I can fucking relax a little bit

Chris Remington ( @remington@beehaw.org ) · 3 years ago

I can fucking relax a little bit

argv_minus_one ( @argv_minus_one@beehaw.org ) · 3 years ago

This must be the one. Those are some monster queries.

I’m no database expert, but I wonder if it would be wise to break those up into multiple queries instead of joins. Joining post with person and community would result in a ton of duplicate data, wouldn’t it?
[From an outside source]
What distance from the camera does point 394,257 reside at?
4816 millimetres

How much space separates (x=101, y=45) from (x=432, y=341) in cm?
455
I’m actually interested in what people have to say about this, because I have a project that’s kind of sensitive to database query performance, and I’m worried that I’ll find out about some performance bottleneck the hard way like Beehaw just did. The more I learn about the subject, before my project goes to production, the better!

veroxii ( @veroxii@lemmy.ml ) · 3 years ago

No, joins are always faster. If you ultimately need to combine the data for the app, the database will be faster than your code can do it, since that’s what it was built to do.

argv_minus_one ( @argv_minus_one@beehaw.org ) · 3 years ago

Any idea why those queries are slow, then, if not because of all the duplicate data? Missing indices or something?

veroxii ( @veroxii@lemmy.ml ) · 3 years ago

Looking at the query I think it only returns a single row per post. So not really duplicate data. It all looks very straight forward and you’d think all the “_id” and “id” columns are indexed.

I asked for an EXPLAIN ANALYZE plan to see what really happens and where the most time is spent.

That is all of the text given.